Enquanto o sargento Antunes espremia meu peito contra o chão, Solimar fez-me cheirar o chulé do seu pé:
- Qual é a cor da minha meia, seu filho da puta?
Que pergunta mais insólita, pensei. O que tem a ver a meia com as calças?
- Qual é a cor da meia do pé direito? - especificou. Já que insistia tanto, respondi:
- Azul -um azul piscina, diria.
- E do esquerdo?
- Do esquerdo?
- Do pé esquerdo, seu veado.
- Certamente, azul também.
A resposta o enlouqueceu.
- Não, seu puto, do pé esquerdo é azul marinho, é mais escura.
Percebi que tinha um bom estoque de palavrões, mas não consegui atinar para sua insistência sobre o colorido de meias tão fedorentas. Afinal, não podia admitir que tinha levado aquelas porradas todas só para falar de meias azuis e suas variáveis.
Naquele encontro interminável esqueci até da maleta que ia comprar. Olhei para o relógio e disse que estava atrasado. O torturador não queria me lugar. Parecia ter renascido nele toda arrogância e todo o sadismo que marcaram sua personalidade nos porões do Cenimar.

E eu, que já exercia o terceiro mandato de vereador aqui no Rio de Janeiro, sem saber o que fazer. Olhei para a sua cintura e vi claramente que tinha um revólver. Provavelmente para reagir a alguma outra vítima mais rancorosa.

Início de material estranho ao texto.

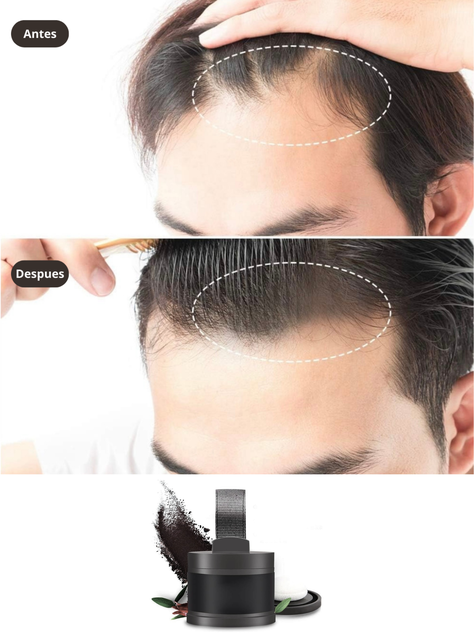 Polvo Capilar Para Relleno De Entradas,canas En Pelo O Barba-2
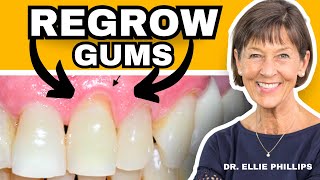 How To REGROW Receding Gums FIX Gum Recession At Home [upl. by Nnyloj]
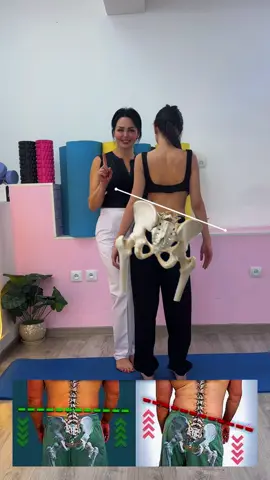 Exercise for a shortened muscle and pelvic misalignment Lift the shortened leg up and down in a controlled way, activating the deep muscles and keeping the pelvis stable. 🔹 Movement: up – down 🔹 Breathing: calm and controlled 🔹 Hold at the top: 3 seconds 🔹 Repetitions: 10 times 🔹 Sets: 3 🔹 Frequency: daily This exercise helps to: ✔ activate weak muscles ✔ lengthen shortened muscles ✔ improve pelvic position ✔ restore body symmetry Dr. Marina Ispiryan 📍 Armenia, Yerevan 📲 WhatsApp: +374 98 149 914 🌐 Website: verginiacenter.com 📩 Online & Offline sessions available #Scoliosis #ScoliosisTreatment #PostureCorrection #PelvicTilt #UnevenHips          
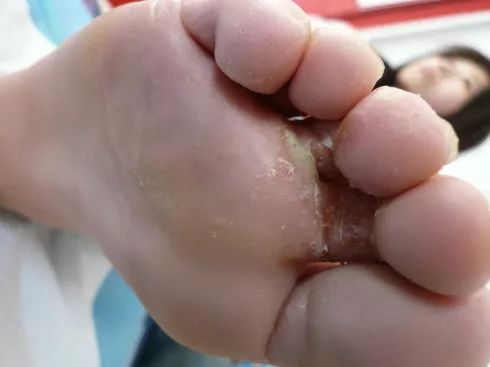 风靡全欧洲的脚气水,一喷就见效,20年顽固脚气也能救!l好物推荐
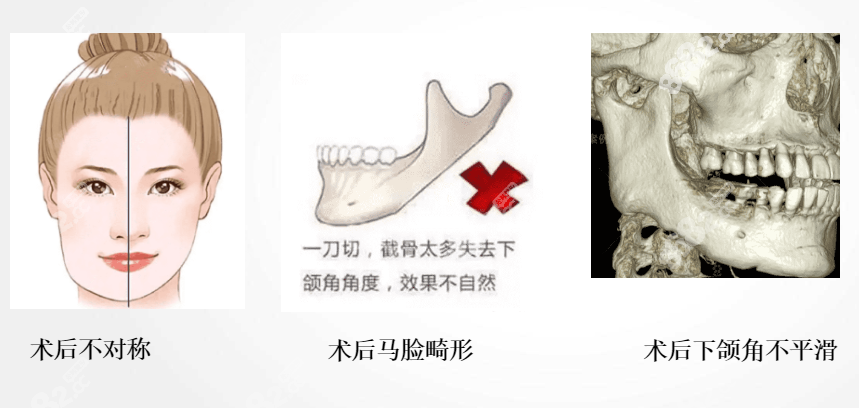 韩国欧佩拉整形外科3D打印补骨修复好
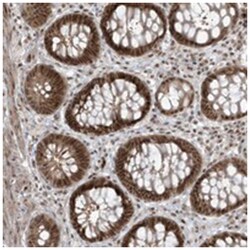 C1orf52, Rabbit, Polyclonal Antibody, Abnova 100 &mu;L | Buy Online | Abnova Corporation | Fisher Scientific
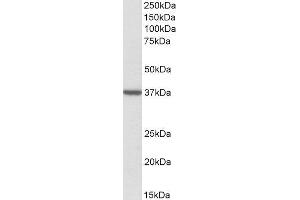 ABIN2560487 (2µg/ml) staining of Human Frontal Cortex lysate (35µg protein in RIPA buffer). (TOMM40 抗体  (Internal Region))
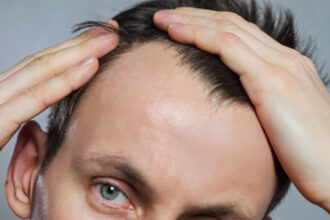 Hair Loss in Men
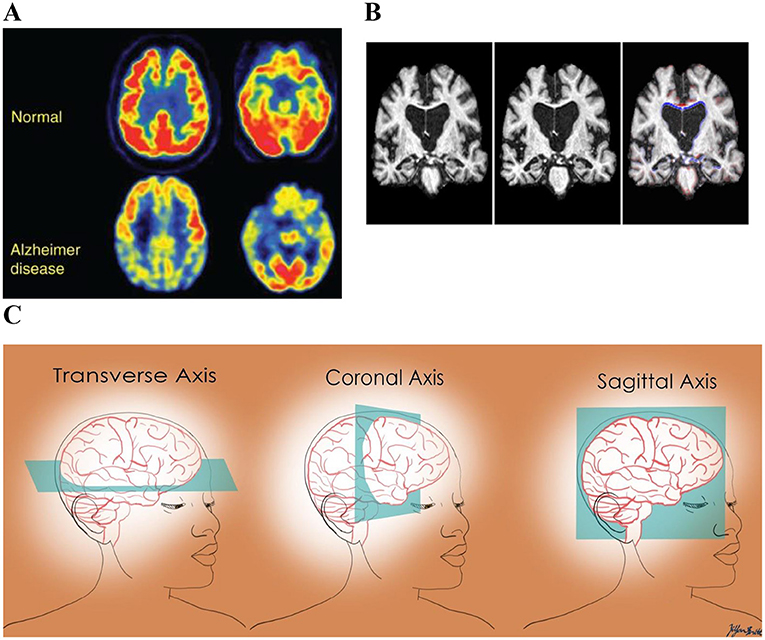 Figure 2 - (A) A PET tracer is used to show the high metabolic activity (red) that is typical for a normal brain.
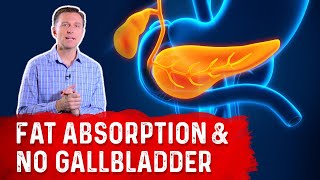 What Happens to Fat Absorption With NO Gallbladder – Dr Berg [upl. by Windham]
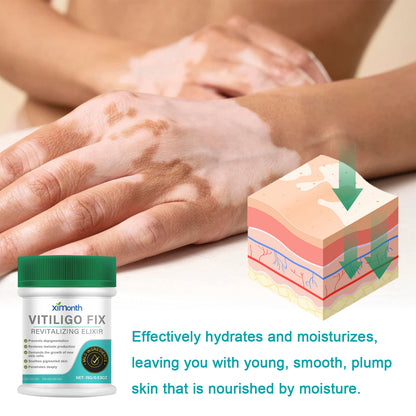 Ximonth Vitiligo Fix Revitalizing Elixir, Lighten Skin Spots Even Skin Tone Moisturizing Body Care Repair Cream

Consegui desvencilhar-me do Solimar, enquanto contemplava o vai-e-vem da Carioca, pessoas acotovelando-se nas pastelarias dos coreanos, e alguns mais ligados numa música sertaneja que um bar tocava.

Não tinham a menor idéia de que um monstro passeava por ali, mesmo disfarçado, tentado exorcizar seus crimes ou alimentar-se de suas lembranças.

Conto esse episódio hoje na esperança de que os brasileiros sejam finalmente apresentados à verdade. Que essa comissão em formação não seja apenas uma peça caricata, condicionada por meias verdades.

Talvez quando tudo vier à luz do dia, quando os horrores dos nossos cárceres forem revelados, doa a quem doer, talvez seja outra a reação de alguém como eu diante de um algoz perverso e canalha.

Talvez essa sociedade envolta numa perigosa cortina de fumaça abra os olhos e comece a atuar politicamente, ao invés de ficar à margem criminalizando a vida pública,  enquanto se pode fazer alguma coisa em nome desse arremedo de democracia.